Coffee report by Euromonitor
There has been much attention paid to Starbucks’ ambitious plans to finally enter the Italian market. The company has long viewed Italy as forbidden territory because of Italians’ strong national pride in their coffee culture, but finally decided to take the leap on the wager that younger Italians are less particular than their elders and may be interested in the same coffee drinks as their peers everywhere else. This has naturally inspired much hand-wringing about the direction of Italian coffee, both in Italy and abroad.
Receiving less attention, but perhaps more significant in the long run, is the changing nature of Italy’s most important coffee company, Lavazza. Once a national company that focused its efforts nearly exclusively on fresh coffee within Italy, Lavazza is now the third-largest coffee company in the world, with interests in many more categories and geographies than it once did. Creating a company that appeals to Australians, Americans, and Estonians the way it does to Italians has naturally required Lavazza to change the way it operates. The major question hanging over the future of the company is whether it can do that while also keeping its core identity intact.

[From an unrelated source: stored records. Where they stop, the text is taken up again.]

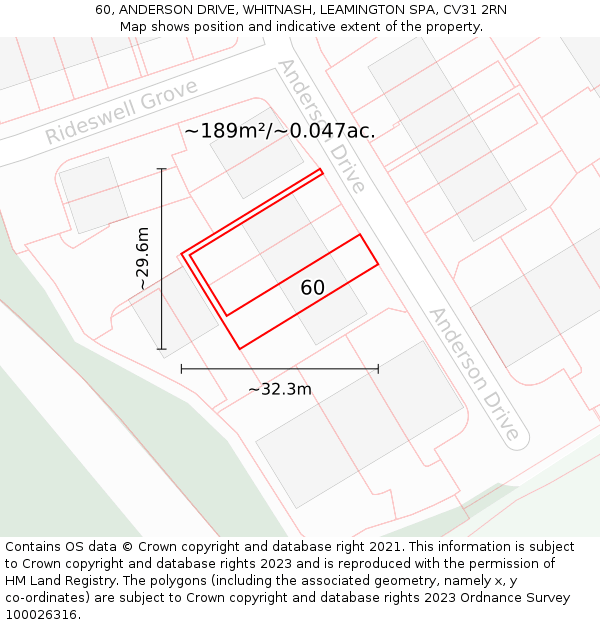 60, ANDERSON DRIVE, WHITNASH, LEAMINGTON SPA, CV31 2RN: Plot and title map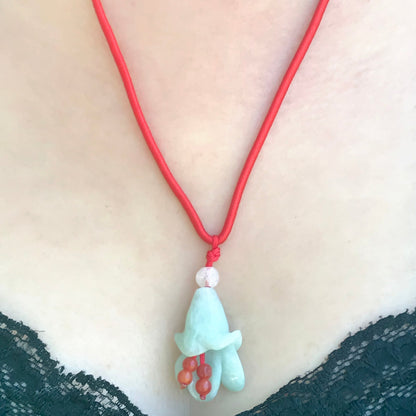 Women Spotted Bellflowers a Flower Stone Necklace for Her Handmade Jewelry Mother's Day Gift for Calmness and Inner Peace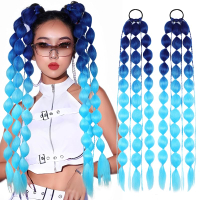 HMD Colored Hair Extensions 2pcs 24 Inch Colored Bubble tail Hair Extensions for Women with Hair Tie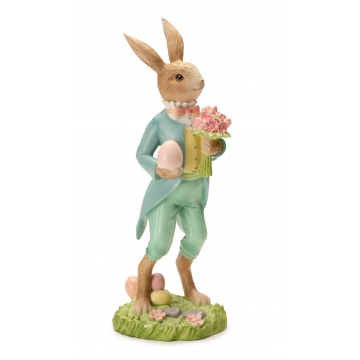 Figurka Zając z kwiatami 41cm Pasqua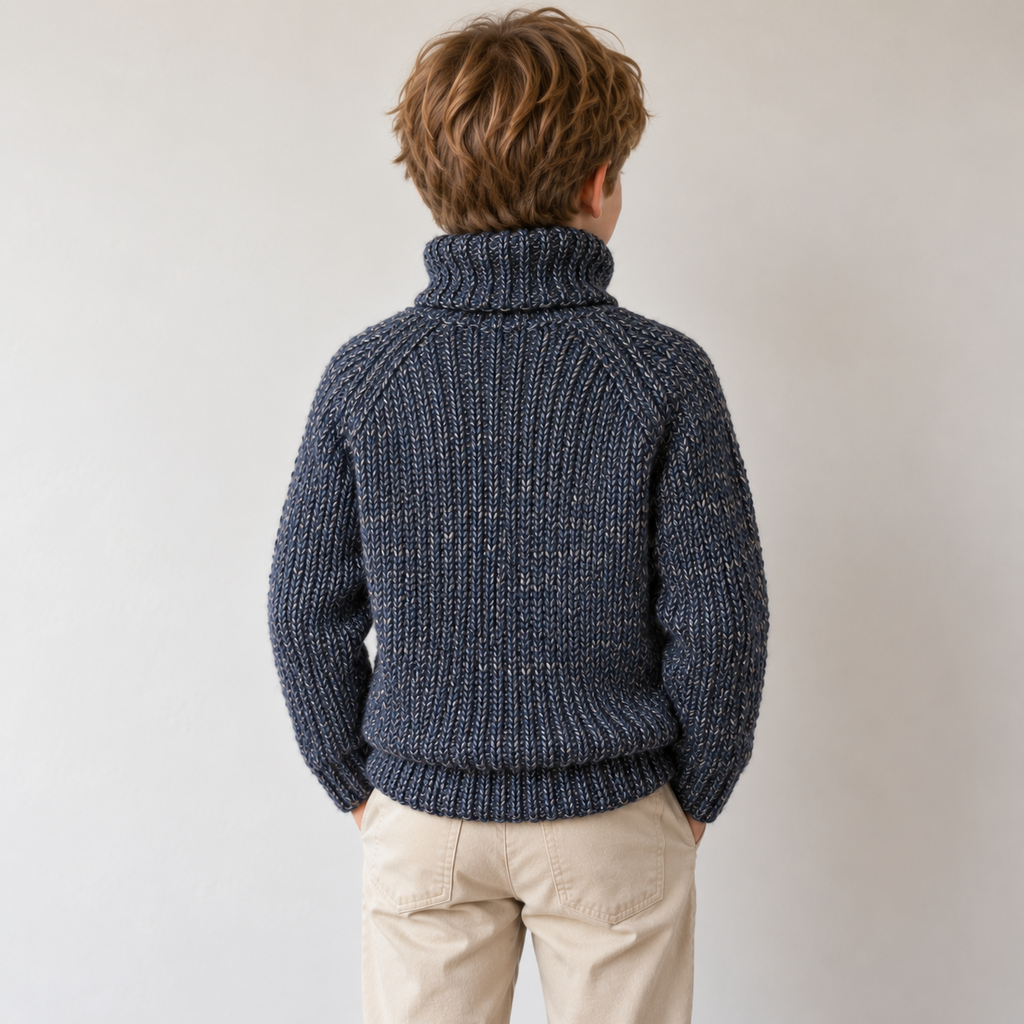 Back view of a navy marl children's raglan sweater with a tall folded ribbed collar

Growth in the homeland of the espresso is running out of steam
The coffee market in Italy is stagnant, with volumes expected to expand by just 0.2% during the entire forecast period. The Italian coffee market is simply too mature for major volume growth to be possible anymore. What growth there is now comes mostly from increases in population and income and, given Italy’s low fertility rate (1.4 children per woman) and anaemic economy (under 1% growth every year since 2010), that means that the situation is unlikely to turn around anytime soon.